If I had to guess, I'd speculate that it's related to cross-core cache coherency, at least if I'm remembering how CPU cache works. With the small version of 'Data', if a single cache line contains multiple instances of Data, the cores are having to constantly invalidate each other's caches (worst case if they're all on the same cache line). With the 'spacer' added, their memory addresses are sufficiently far enough apart that one CPU's write of a given address doesn't invalidate the caches of the other CPUs.
Another thing to note -- the 4 threads start nearly concurrently, but they don't finish at the same time -- another indication that there's cross-core issues at work here. Also, I'd guess that running on a multi-cpu machine of a different architecture would bring more interesting issues to light here.

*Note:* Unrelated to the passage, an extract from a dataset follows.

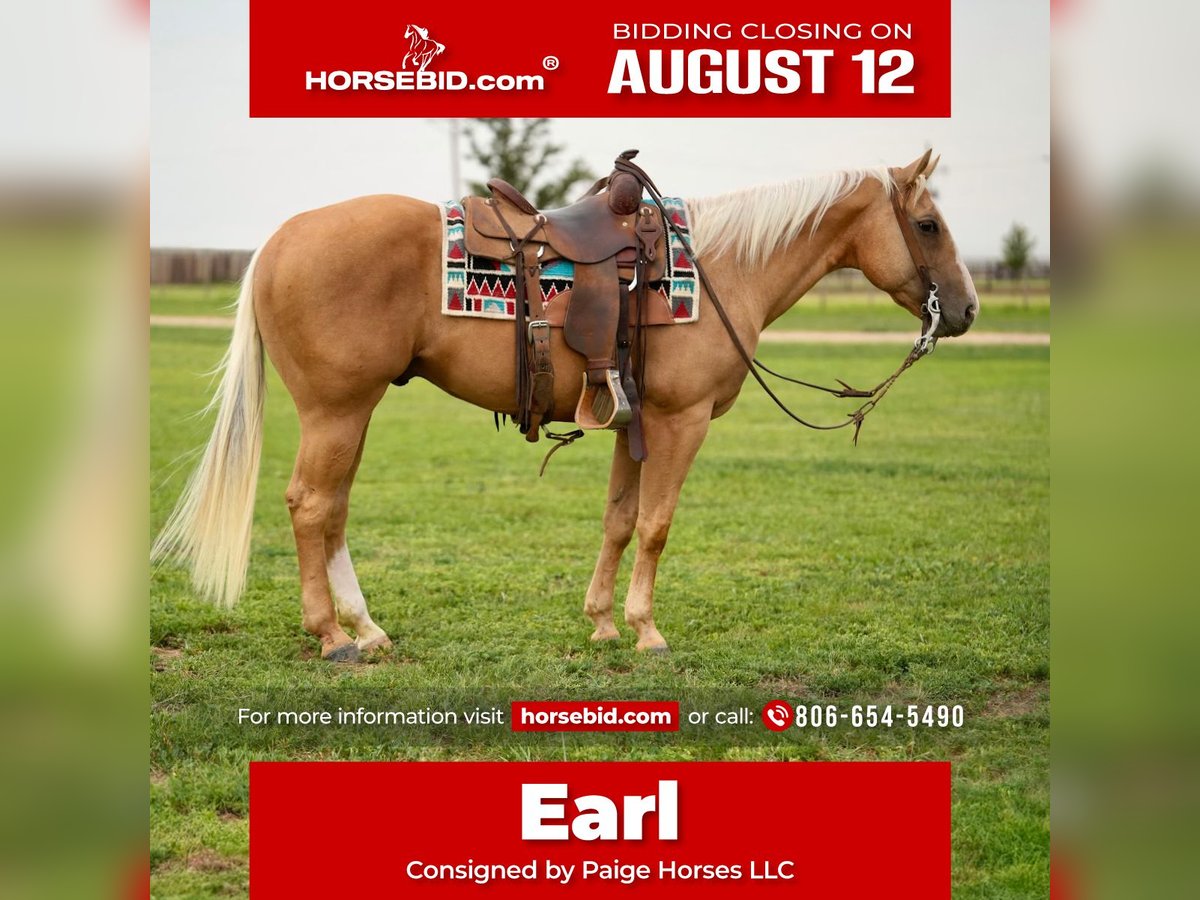 American Quarter Horse Wałach 8 lat 150 cm Izabelowata in Amarillo, TX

I guess the lesson from this is that in a highly-concurrent scenario, if you're doing a bunch of work with a few small data structures, you should try to make sure they aren't all packed on top of each other in memory. Of course, there's really no way to make sure of that, but I'm guessing there are techniques (like adding spacers) that could be used to try to make it happen.
[edit]
This was too interesting -- I couldn't put it down. To test this out further, I thought I'd try varying-sized spacers, and use an integer instead of a double to keep the object without any added spacers smaller.
class Program
{
static void Main(string[] args)
{
Console.WriteLine("name\t1 thread\t4 threads");
RunTest("no spacer", WorkerUsingHeap, () => new Data());
var values = new int[] { -1, 0, 4, 8, 12, 16, 20 };
foreach (var sv in values)
{
var v = sv;
RunTest(string.Format(v == -1 ? "null spacer" : "{0}B spacer", v), WorkerUsingHeap, () => new DataWithSpacer(v));
}
Console.ReadLine();
}
public static void RunTest(string name, ParameterizedThreadStart worker, Func<object> fo)
{
var start = DateTime.UtcNow;
RunOneThread(worker, fo);
var middle = DateTime.UtcNow;
RunFourThreads(worker, fo);
var end = DateTime.UtcNow;
Console.WriteLine("{0}\t{1}\t{2}", name, middle-start, end-middle);
}
public static void RunOneThread(ParameterizedThreadStart worker, Func<object> fo)
{
var data = fo();
var threadOne = new Thread(worker);
threadOne.Start(data);
threadOne.Join();
}
public static void RunFourThreads(ParameterizedThreadStart worker, Func<object> fo)
{
var data1 = fo();
var data2 = fo();
var data3 = fo();
var data4 = fo();
var threadOne = new Thread(worker);
threadOne.Start(data1);
var threadTwo = new Thread(worker);
threadTwo.Start(data2);
var threadThree = new Thread(worker);
threadThree.Start(data3);
var threadFour = new Thread(worker);
threadFour.Start(data4);
threadOne.Join();
threadTwo.Join();
threadThree.Join();
threadFour.Join();
}
static void WorkerUsingHeap(object state)
{
var data = state as Data;
for (int count = 0; count < 500000000; count++)
{
var property = data.Property;
data.Property = property + 1;
}
}
public class Data
{
public int Property { get; set; }
}
public class DataWithSpacer : Data
{
public DataWithSpacer(int size) { Spacer = size == 0 ? null : new byte[size]; }
public byte[] Spacer;
}
}
Result:
1 thread vs. 4 threads
no spacer 00:00:06.3480000 00:00:42.6260000
null spacer 00:00:06.2300000 00:00:36.4030000
0B spacer 00:00:06.1920000 00:00:19.8460000
4B spacer 00:00:06.1870000 00:00:07.4150000
8B spacer 00:00:06.3750000 00:00:07.1260000
12B spacer 00:00:06.3420000 00:00:07.6930000
16B spacer 00:00:06.2250000 00:00:07.5530000
20B spacer 00:00:06.2170000 00:00:07.3670000
No spacer = 1/6th the speed, null spacer = 1/5th the speed, 0B spacer = 1/3th the speed, 4B spacer = full speed.
I don't know the full details of how the CLR allocates or aligns objects, so I can't speak to what these allocation patterns look like in real memory, but these definitely are some interesting results.